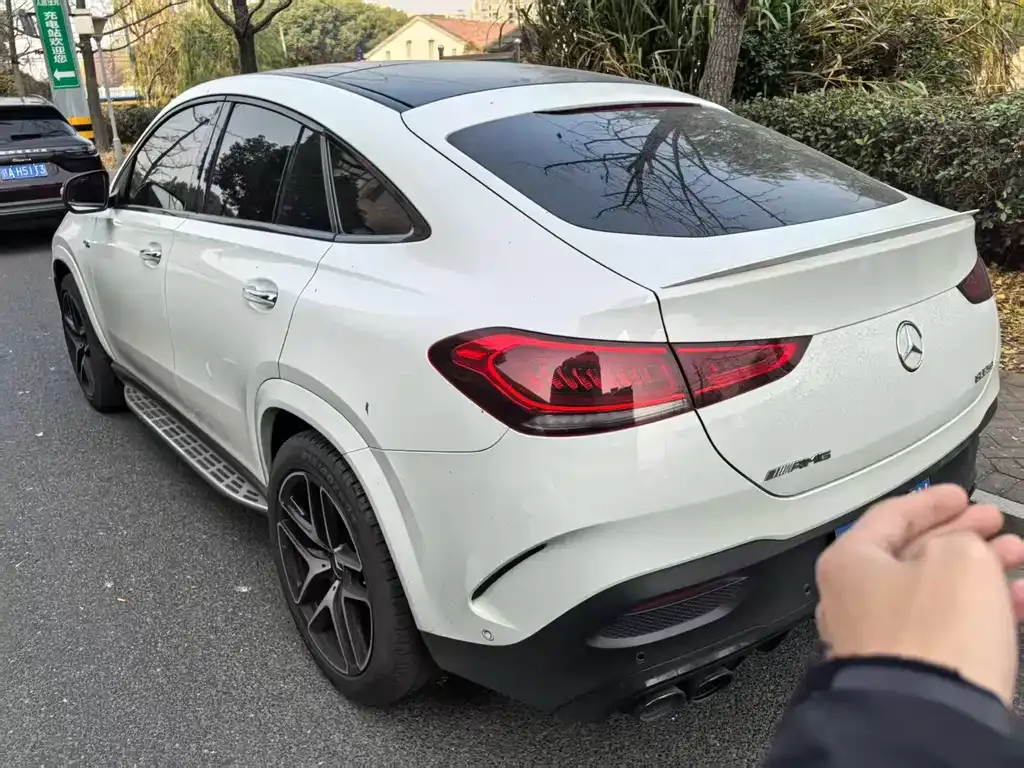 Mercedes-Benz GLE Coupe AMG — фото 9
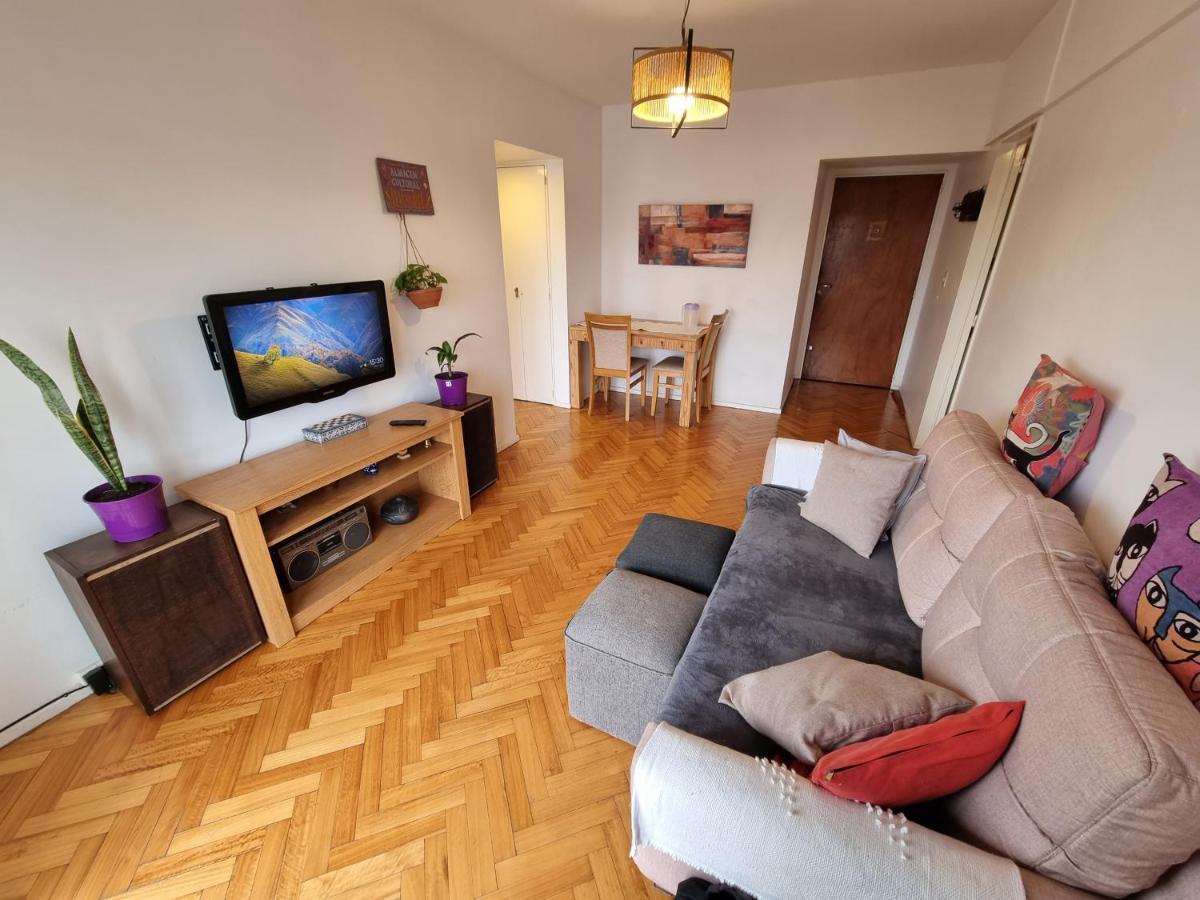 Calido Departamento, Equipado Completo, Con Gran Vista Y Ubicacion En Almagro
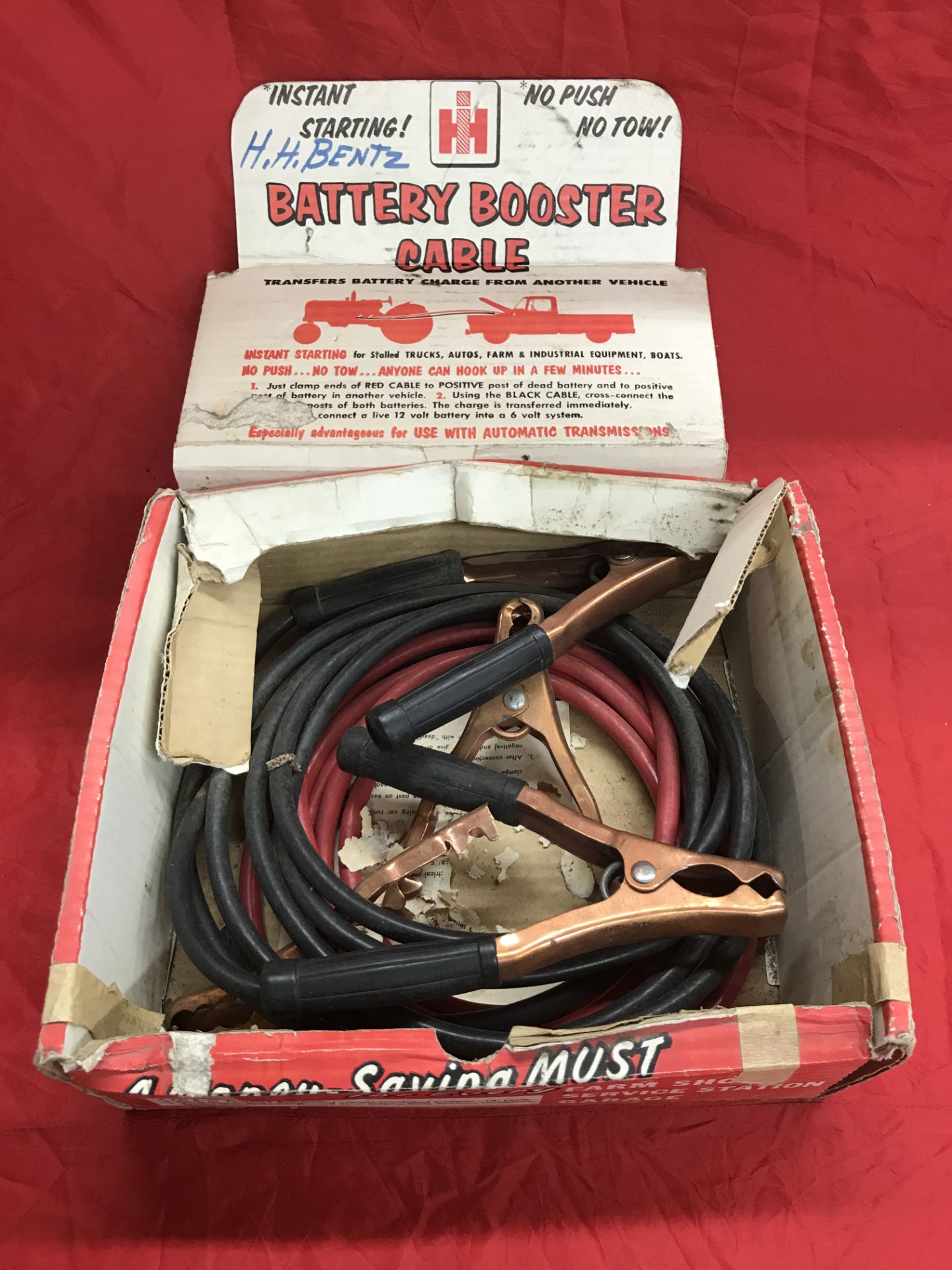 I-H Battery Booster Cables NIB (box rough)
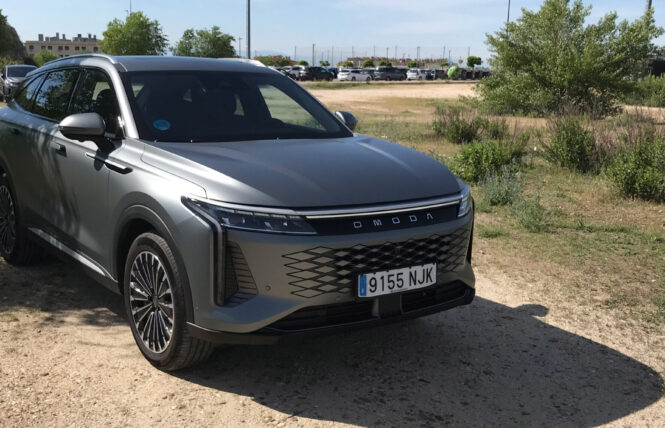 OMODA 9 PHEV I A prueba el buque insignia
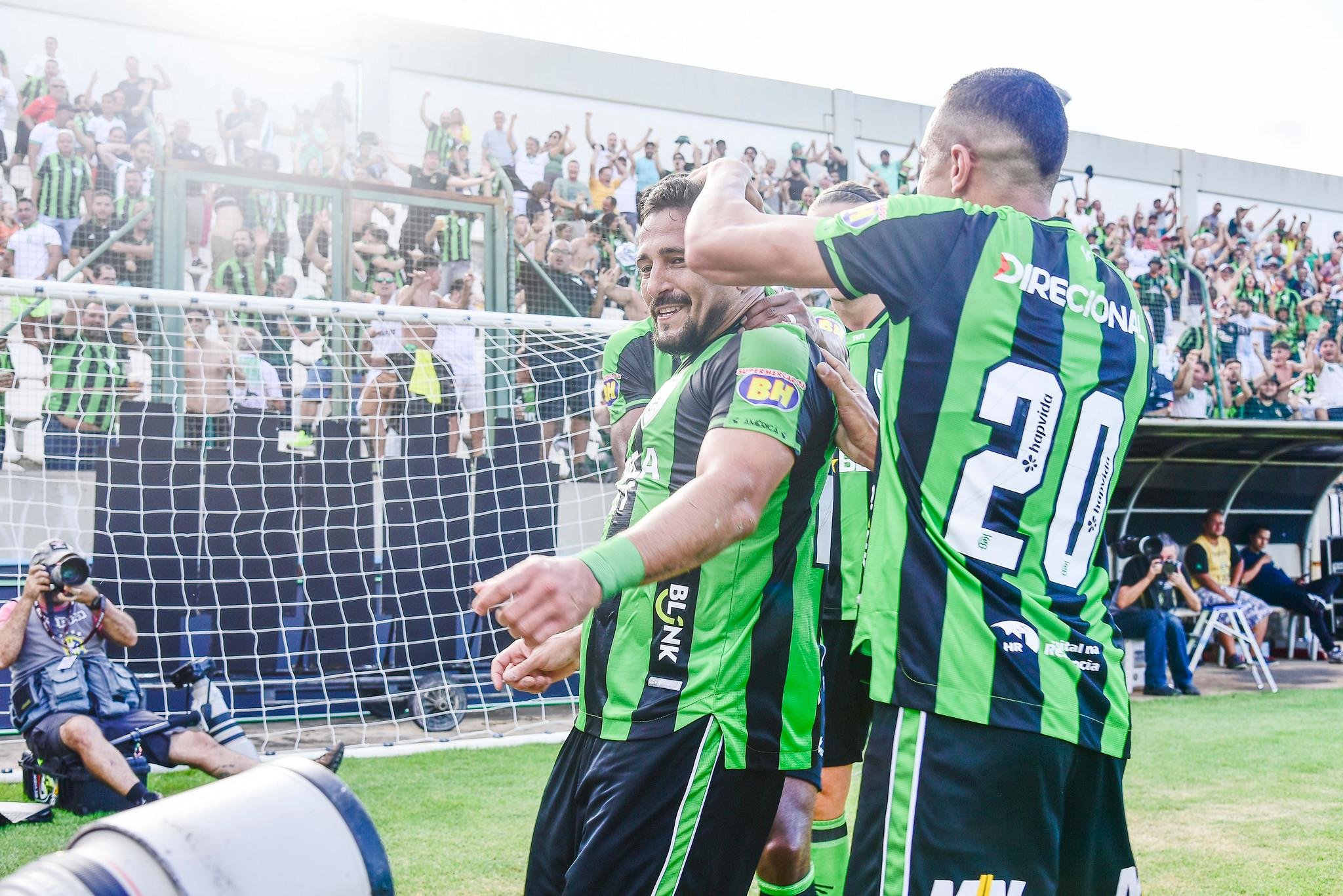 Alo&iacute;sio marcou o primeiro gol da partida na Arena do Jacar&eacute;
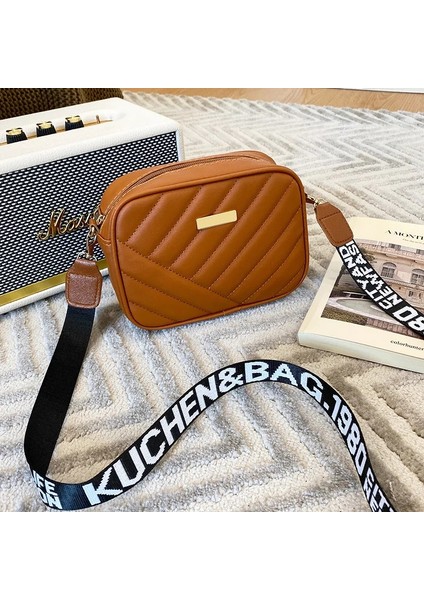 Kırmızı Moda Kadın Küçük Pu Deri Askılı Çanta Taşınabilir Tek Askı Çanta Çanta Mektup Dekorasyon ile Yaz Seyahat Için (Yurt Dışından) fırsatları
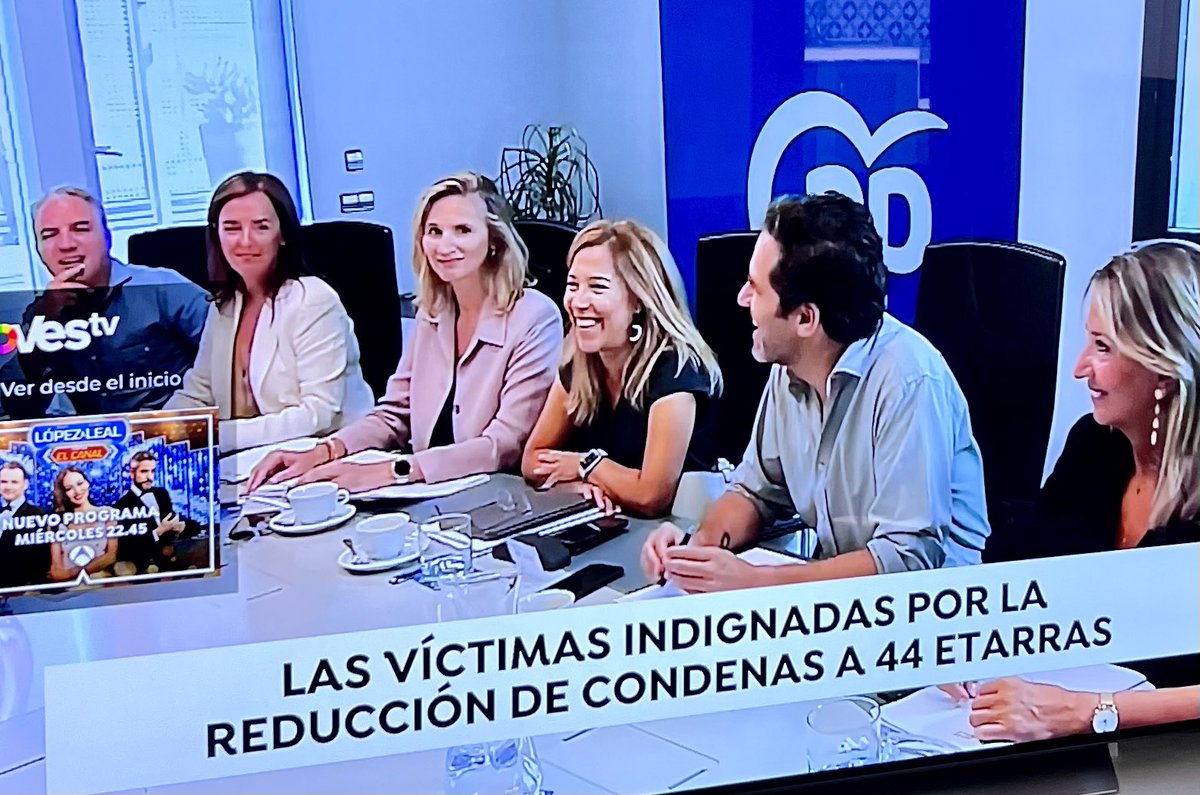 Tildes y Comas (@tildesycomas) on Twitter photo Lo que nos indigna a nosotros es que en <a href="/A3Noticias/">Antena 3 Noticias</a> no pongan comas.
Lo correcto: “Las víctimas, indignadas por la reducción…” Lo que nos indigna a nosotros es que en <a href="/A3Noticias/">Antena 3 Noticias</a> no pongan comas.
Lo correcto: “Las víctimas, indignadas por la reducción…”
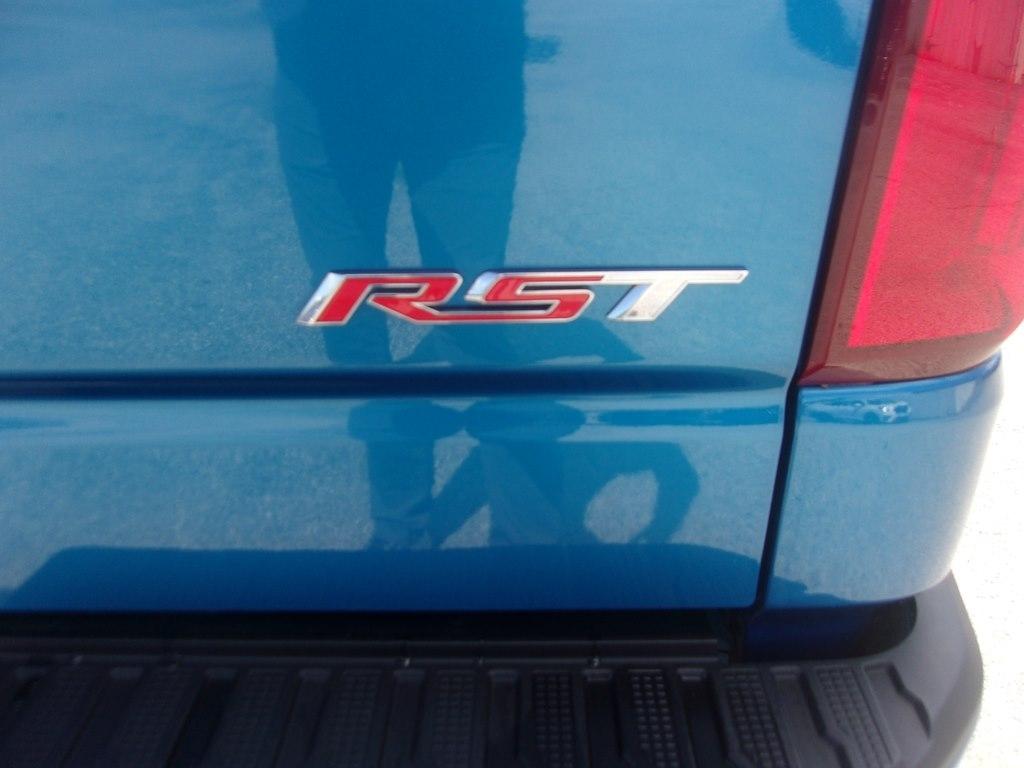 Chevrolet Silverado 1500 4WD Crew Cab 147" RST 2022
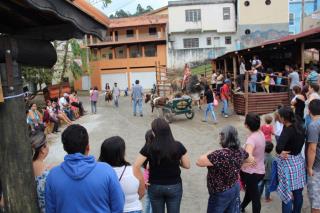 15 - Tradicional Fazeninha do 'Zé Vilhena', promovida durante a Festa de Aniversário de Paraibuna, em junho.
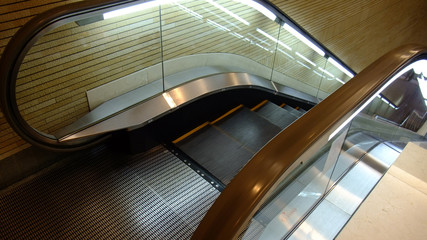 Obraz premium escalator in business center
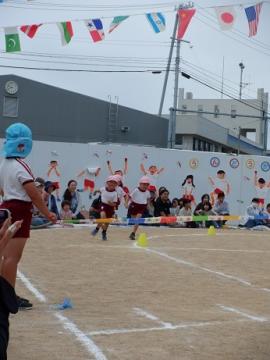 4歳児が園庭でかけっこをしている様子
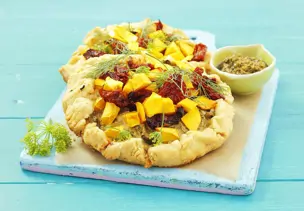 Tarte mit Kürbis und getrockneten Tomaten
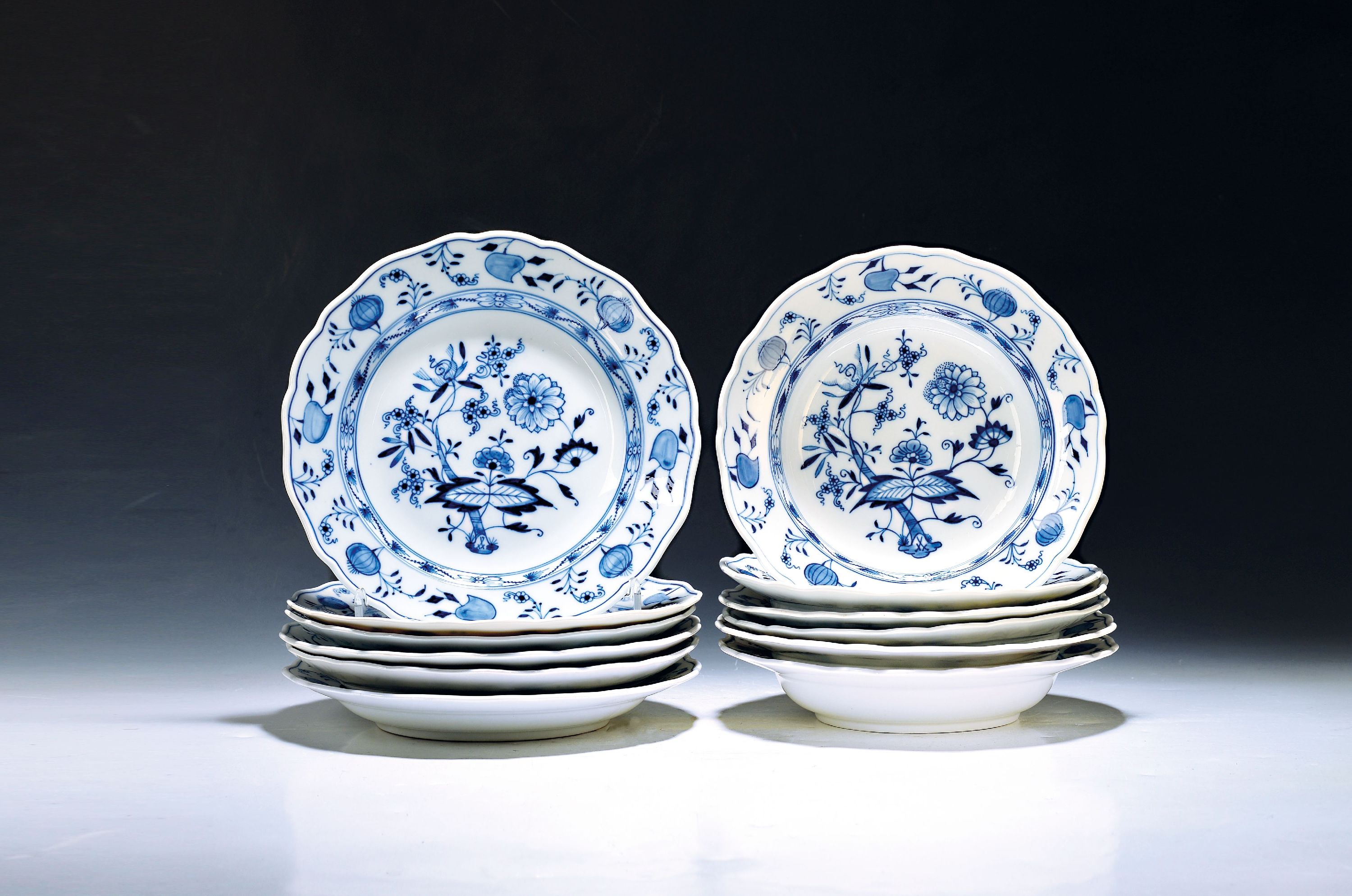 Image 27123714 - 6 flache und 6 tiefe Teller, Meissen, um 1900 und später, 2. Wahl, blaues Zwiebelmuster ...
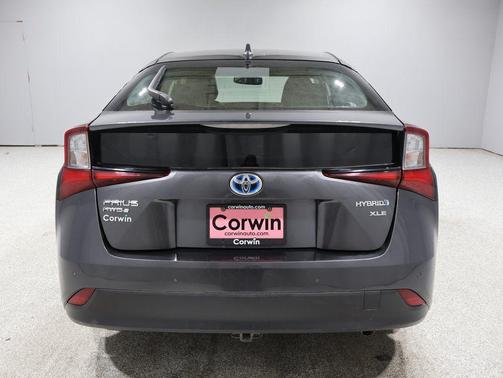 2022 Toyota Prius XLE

:::

→ Exercise requirements
Search the entries for the word "víctimas", then list each line that holds it.

→ Result for this exercise
Lo correcto: “Las víctimas, indignadas por la reducción…” Lo que nos indigna a nosotros es que en <a href="/A3Noticias/">Antena 3 Noticias</a> no pongan comas.
Lo correcto: “Las víctimas, indignadas por la reducción…”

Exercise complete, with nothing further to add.